Nous affirmons aujourd’hui que pour répondre aux enjeux de justice sociale, pour faire progresser et réussir tous les élèves sur la base de contenus d’apprentissages ambitieux, il est indispensable de renforcer les politiques d’éducation prioritaire.
Les écoles qui bénéficieront d’un moyen supplémentaire verront leurs conditions d’enseignement évoluer significativement ce qui aura des conséquences positives sur la scolarisation des élèves.
Gouverner, c’est choisir et vous avez dû choisir entre des dispositifs innovants, la formation continue et les ouvertures de classes dans les écoles. Ce qui confirme que la dotation est insuffisante pour pouvoir activer tous les leviers susceptibles d’assurer la réussite de tous nos élèves. Dans de nombreuses classes, cette année encore, les effectifs seront trop chargés, surtout en maternelle où l’on est bien loin de la bienveillance affichée par la loi de refondation. Ce sont 60 écoles du département qui auront une moyenne de plus de 28 élèves par classe. Est-ce raisonnable ? Les RASED et les maîtres G sont une fois de plus les parents pauvres de l’Ecole alors que la prise en charge des élèves en grande difficulté nécessiterait l’intervention d’enseignants spécialisés pour éviter que certains restent sur le bord du chemin. De plus en plus les élèves relevant des dispositifs ULIS sont inclus dans les classes ordinaires ce qui n’est pas sans conséquence sur les effectifs de ces classes. La FSU a déjà exprimé son souhait que ces élèves soient comptabilisés deux fois dans les effectifs des écoles à la fois en ULIS mais aussi dans les classes ordinaires.

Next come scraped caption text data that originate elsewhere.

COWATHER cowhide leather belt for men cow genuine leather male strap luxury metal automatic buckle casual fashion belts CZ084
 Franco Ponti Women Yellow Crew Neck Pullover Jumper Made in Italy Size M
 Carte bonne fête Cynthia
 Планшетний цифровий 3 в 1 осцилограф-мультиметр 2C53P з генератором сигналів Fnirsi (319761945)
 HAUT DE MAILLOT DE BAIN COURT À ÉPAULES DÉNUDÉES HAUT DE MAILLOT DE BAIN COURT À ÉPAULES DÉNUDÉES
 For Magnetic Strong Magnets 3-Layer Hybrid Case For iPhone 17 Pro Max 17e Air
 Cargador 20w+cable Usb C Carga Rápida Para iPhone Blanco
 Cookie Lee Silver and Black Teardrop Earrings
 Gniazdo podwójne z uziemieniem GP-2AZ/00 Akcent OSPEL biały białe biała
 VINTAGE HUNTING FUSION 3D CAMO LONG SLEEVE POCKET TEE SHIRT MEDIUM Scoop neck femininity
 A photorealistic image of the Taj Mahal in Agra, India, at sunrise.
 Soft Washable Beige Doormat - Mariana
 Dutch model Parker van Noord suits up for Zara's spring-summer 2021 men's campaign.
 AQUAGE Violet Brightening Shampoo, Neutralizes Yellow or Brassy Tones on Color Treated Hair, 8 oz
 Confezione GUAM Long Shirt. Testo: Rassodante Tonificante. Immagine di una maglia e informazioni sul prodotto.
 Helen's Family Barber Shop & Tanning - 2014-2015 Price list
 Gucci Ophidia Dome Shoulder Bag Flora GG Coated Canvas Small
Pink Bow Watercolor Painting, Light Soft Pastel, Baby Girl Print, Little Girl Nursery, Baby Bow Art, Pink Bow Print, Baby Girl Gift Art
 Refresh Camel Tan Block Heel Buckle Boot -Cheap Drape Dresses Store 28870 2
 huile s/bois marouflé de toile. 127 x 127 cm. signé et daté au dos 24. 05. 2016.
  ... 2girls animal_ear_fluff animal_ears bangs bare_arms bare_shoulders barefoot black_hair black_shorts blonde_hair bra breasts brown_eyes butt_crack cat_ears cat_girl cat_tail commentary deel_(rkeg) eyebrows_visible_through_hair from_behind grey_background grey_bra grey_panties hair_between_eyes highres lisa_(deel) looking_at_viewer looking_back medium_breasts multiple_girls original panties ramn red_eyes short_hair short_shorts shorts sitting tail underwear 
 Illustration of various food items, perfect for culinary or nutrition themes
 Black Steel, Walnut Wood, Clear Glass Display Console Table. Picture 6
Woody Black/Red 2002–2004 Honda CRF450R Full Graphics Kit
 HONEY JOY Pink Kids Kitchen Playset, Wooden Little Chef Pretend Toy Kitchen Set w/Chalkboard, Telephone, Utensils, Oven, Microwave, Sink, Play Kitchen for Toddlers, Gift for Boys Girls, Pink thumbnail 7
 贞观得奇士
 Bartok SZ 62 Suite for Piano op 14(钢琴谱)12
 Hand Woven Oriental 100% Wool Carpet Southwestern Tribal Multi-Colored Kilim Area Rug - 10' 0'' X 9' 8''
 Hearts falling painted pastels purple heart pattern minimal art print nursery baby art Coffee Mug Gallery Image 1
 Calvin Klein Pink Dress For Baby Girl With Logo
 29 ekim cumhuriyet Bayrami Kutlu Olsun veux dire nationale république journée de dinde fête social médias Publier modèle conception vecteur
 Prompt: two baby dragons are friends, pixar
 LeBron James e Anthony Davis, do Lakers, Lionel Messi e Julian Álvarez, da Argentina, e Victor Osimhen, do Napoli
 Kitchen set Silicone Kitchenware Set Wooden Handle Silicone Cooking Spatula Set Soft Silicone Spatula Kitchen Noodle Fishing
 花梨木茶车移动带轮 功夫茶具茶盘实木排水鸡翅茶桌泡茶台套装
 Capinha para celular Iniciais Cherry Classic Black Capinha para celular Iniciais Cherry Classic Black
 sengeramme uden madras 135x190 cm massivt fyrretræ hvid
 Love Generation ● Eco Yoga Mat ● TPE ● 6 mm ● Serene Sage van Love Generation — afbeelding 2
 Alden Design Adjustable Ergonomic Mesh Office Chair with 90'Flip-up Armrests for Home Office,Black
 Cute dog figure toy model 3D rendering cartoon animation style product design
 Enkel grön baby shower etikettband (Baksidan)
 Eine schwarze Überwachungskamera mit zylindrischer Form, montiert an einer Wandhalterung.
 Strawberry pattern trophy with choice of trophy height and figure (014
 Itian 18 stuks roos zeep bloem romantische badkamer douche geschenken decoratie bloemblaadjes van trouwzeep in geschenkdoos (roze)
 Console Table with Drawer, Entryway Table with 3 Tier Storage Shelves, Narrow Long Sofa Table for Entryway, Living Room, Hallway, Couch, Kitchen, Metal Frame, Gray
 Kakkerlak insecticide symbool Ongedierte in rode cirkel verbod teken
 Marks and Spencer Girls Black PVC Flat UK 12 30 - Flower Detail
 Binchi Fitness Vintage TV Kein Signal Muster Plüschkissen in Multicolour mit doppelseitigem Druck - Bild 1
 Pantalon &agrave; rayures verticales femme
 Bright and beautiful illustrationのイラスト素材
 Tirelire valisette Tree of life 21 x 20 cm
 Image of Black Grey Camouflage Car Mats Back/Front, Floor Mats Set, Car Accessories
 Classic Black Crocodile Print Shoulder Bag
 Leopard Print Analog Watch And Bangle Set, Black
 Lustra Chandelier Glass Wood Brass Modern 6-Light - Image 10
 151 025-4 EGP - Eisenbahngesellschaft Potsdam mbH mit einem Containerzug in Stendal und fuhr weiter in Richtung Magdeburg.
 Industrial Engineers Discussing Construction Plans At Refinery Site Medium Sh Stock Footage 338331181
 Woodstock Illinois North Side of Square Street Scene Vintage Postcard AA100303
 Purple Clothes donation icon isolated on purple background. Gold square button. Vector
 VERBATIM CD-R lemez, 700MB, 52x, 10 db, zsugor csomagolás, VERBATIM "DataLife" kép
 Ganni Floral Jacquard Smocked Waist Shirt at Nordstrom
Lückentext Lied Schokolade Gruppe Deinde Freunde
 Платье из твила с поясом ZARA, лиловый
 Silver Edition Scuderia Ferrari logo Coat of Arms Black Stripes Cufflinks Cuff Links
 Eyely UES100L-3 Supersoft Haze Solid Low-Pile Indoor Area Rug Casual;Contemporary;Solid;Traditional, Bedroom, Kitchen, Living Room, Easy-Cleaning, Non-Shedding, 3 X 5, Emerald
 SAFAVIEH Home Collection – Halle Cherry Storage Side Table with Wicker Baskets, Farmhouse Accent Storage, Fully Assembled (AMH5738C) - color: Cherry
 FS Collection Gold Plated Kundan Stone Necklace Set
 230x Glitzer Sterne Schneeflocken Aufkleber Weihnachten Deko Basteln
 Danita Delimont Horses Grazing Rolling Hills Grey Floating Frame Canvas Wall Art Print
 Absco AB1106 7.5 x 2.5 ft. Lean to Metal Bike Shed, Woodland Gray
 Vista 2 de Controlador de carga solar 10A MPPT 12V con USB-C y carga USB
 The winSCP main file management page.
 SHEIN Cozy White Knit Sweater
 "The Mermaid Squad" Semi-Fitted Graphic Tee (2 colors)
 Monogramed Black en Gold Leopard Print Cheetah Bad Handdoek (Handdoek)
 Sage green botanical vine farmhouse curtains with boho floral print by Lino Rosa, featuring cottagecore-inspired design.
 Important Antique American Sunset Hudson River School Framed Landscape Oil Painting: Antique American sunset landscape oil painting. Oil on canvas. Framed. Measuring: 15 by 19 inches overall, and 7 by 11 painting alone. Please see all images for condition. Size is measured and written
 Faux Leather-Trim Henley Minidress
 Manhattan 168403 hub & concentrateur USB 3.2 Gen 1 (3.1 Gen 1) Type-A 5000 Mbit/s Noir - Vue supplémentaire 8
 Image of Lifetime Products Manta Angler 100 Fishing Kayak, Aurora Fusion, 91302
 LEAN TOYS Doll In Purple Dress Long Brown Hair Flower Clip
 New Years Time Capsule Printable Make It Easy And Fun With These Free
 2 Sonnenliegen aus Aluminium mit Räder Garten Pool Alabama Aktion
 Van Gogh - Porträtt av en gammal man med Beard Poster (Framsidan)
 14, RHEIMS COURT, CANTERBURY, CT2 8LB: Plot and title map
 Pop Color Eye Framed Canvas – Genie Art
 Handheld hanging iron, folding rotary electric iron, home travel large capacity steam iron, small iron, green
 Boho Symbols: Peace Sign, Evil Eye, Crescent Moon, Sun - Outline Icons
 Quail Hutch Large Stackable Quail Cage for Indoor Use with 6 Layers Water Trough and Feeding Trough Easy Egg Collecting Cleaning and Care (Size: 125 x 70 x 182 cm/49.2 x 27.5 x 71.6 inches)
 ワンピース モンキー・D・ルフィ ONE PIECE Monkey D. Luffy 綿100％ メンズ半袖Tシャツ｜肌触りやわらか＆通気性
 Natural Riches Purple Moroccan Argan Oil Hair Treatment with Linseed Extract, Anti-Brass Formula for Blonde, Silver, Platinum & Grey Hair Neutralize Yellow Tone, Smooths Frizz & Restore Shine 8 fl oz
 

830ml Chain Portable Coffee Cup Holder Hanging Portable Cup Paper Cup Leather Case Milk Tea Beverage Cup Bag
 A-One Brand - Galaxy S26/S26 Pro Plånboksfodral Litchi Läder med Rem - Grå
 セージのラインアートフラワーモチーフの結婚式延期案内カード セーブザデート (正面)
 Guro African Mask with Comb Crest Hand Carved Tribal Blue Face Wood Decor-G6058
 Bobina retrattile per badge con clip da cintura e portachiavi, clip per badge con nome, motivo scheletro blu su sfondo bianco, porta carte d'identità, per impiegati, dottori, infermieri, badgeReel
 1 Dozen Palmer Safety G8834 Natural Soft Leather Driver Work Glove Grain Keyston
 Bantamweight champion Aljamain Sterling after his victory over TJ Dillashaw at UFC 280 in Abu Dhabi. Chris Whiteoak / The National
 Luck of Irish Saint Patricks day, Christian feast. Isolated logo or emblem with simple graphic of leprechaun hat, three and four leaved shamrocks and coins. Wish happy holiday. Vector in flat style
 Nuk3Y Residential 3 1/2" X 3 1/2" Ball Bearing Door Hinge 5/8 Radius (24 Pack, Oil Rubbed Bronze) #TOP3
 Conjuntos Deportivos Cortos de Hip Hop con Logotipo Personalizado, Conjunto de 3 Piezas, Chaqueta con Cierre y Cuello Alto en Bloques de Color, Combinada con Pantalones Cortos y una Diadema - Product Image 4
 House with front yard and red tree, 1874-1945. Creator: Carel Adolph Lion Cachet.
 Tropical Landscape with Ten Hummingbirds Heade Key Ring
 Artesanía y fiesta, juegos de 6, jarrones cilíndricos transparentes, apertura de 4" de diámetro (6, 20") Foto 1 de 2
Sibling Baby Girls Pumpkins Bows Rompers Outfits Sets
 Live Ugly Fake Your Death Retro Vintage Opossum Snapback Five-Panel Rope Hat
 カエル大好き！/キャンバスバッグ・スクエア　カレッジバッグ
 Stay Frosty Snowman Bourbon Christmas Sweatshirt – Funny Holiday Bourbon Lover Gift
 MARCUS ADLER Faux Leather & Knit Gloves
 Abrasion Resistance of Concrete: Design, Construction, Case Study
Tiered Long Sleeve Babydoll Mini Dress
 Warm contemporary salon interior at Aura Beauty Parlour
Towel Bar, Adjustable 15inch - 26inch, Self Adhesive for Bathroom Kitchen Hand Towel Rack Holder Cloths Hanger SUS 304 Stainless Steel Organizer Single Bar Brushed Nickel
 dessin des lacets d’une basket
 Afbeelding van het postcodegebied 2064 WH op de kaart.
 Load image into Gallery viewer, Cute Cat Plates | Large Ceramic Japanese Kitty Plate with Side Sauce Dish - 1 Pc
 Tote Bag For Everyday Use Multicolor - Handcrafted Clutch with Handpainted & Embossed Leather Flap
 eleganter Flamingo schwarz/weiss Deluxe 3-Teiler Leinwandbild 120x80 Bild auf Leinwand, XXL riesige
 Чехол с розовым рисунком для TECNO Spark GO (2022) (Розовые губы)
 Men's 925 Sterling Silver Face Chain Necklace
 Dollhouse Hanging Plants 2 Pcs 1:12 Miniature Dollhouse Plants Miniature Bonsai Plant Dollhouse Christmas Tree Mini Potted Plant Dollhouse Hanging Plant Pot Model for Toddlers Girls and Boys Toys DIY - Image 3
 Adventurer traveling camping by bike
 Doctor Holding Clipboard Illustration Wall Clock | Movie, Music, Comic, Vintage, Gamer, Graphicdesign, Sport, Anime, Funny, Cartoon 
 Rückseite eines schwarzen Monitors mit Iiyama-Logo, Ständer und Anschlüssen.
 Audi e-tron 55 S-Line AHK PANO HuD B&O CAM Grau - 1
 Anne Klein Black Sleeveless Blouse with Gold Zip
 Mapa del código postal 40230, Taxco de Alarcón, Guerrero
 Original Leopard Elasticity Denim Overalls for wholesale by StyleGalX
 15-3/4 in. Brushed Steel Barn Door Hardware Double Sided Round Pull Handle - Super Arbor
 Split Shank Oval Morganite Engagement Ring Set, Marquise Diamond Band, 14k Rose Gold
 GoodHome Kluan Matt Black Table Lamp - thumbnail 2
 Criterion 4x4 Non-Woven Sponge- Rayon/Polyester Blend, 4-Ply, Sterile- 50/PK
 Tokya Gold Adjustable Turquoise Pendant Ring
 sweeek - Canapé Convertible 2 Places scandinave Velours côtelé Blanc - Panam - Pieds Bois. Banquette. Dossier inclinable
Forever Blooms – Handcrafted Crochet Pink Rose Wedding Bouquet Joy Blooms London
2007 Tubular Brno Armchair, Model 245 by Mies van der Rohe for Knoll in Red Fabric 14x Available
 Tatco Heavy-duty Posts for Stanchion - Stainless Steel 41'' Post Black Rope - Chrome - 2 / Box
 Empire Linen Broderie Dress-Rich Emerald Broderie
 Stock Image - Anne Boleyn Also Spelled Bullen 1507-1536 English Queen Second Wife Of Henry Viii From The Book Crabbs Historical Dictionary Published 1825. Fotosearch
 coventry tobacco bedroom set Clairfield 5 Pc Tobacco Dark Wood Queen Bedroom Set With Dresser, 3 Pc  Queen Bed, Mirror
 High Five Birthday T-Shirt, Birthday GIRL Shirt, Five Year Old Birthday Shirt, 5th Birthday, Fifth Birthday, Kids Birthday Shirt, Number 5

Le SNUipp-FSU Nord estime malgré tout notre dotation insuffisante. Il avait en effet estimé en 2014, les besoins de notre département à plus de 2 000 postes supplémentaires si on généralisait le dispositif « Plus de maîtres que de classes » à toutes les écoles, si on limitait les classes de TPS à 15 élèves, si on limitait à 22 élèves les classes en éducation prioritaire, si on abondait les postes d’enseignants spécialisés en RASED …
Toute seule, l’Ecole ne résoudra pas tous les problèmes. L’investissement dans l’Ecole et notamment en Education Prioritaire doit aussi s’accompagner de politiques de lutte contre les inégalités sociales, culturelles, économiques et d’une réelle politique de mixité sociale.
Pour autant, l’école peut déjà beaucoup. C’est ce qui fonde notre volonté commune d’œuvrer pour que notre école se transforme afin de permettre réellement la réussite de tous les élèves.
Investir pour l’Ecole, c’est investir pour l’avenir.